Rozanski looked at me, took a small sip of beer and put his glass down. “Just coming to him, Davey. Met him?” I nodded. “Well, you’re right. He was Penniston’s steady guy till Theodore came along. If you know Stubbs and Theodore, or even what they look like, you know there’s no compariso
n between the two, looks-wise. Am I right?”
I grinned. “The prince and the frog.”
“Yeah. Well, early last year — it was at the mayor’s big Valentine’s Day gala — Stubbs brought Penniston to the party, but she left on Bob Theodore’s arm.”
“That would have been February, twenty-one months ago,” the Bishop murmured. I looked at him. It was the first time he’d opened his mouth in the last ten minutes.
“Umm, right,” said Chet. “Stubbs apparently just shrugged it off. Of course, Penniston Associates is one of Mid-City’s biggest accounts, so I don’t suppose he’d want to jeopardize that. Plus, he must have realized a mere bank vice-president can’t compete with the son of the founder of a big accounting firm. Especially when said son is taller, blonder, younger and better-looking. So I guess Stubbs lumped it. He and Penniston stayed on speaking terms, and her company continued to bank at Mid-City.”
Rozanski said plenty of other things by the time he walked out at 9:40, but nothing you need to hear. When I returned from seeing him out, the Bishop had selected his book for that evening’s reading in bed — something highly philosophical by a couple of Frenchmen, Garigou and LaGrange — and was wheeling for the elevator.
“I’m exhausted, David,” he told me without slowing down, “and disgruntled.

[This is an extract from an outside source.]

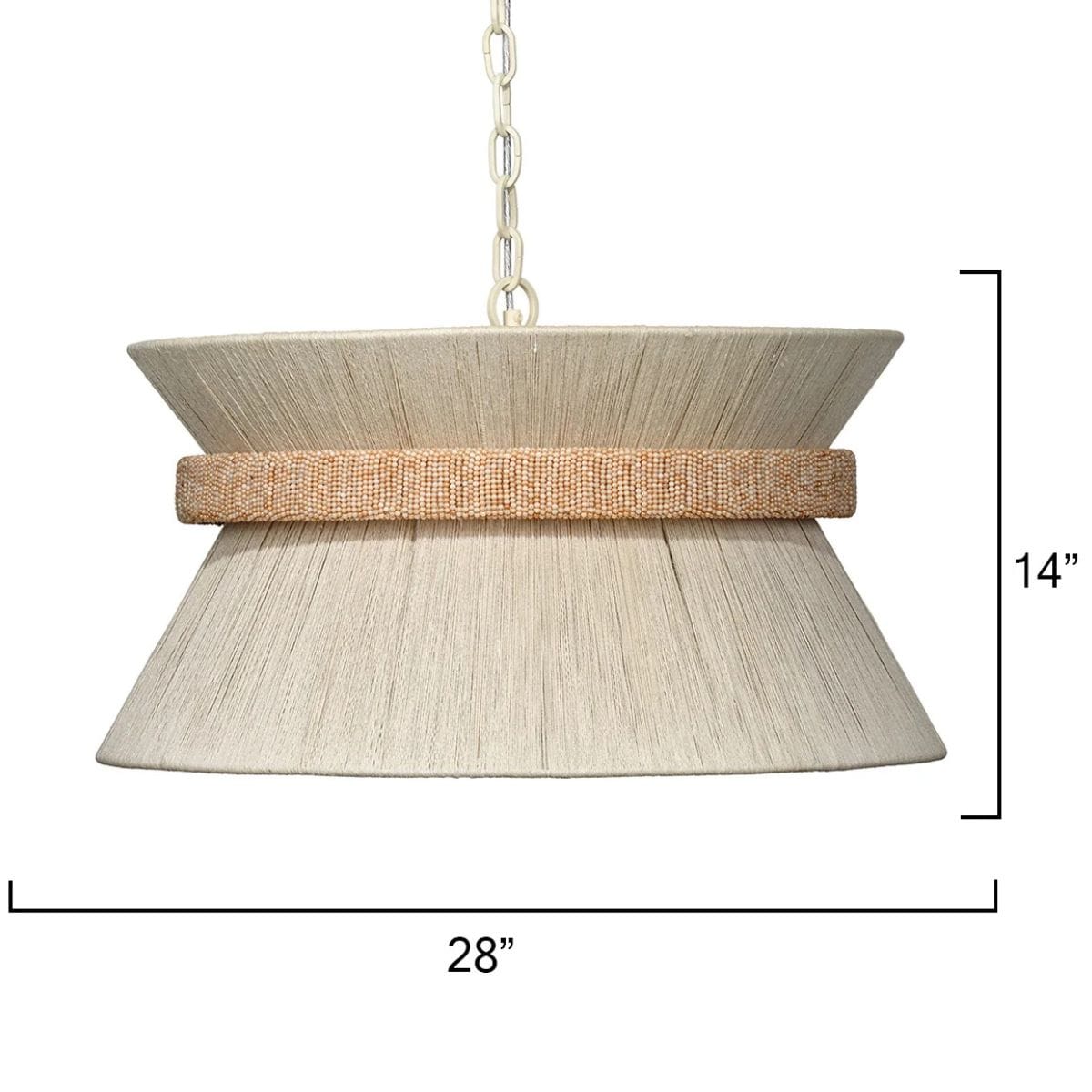 Corset Chandelier Chandeliers 5CORS-CHNA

I have to get my mind off this case. Goodnight.”
I watched him gun down the hallway and into the kitchen. I was tired, too. A good, solid night’s sleep would do us both a world of good. Right.
32
My solid night’s sleep never stood a chance.
I’d been drifting in and out of a nightmare — in which Sarnoff, a six-foot-six giant of a man with gleaming eyes and a jet-black bushy beard, tightened a garroting wire around my throat — when I sat bolt upright, dripping wet, wide awake.
What was that noise? And where was it coming from? It wasn’t my alarm clock. Ugly sound, halfway between a buzz and a wail. Suddenly I knew. My face went cold. When I’d last heard it, six years previously, I’d hoped never to hear it again. Regan’s emergency alarm signal.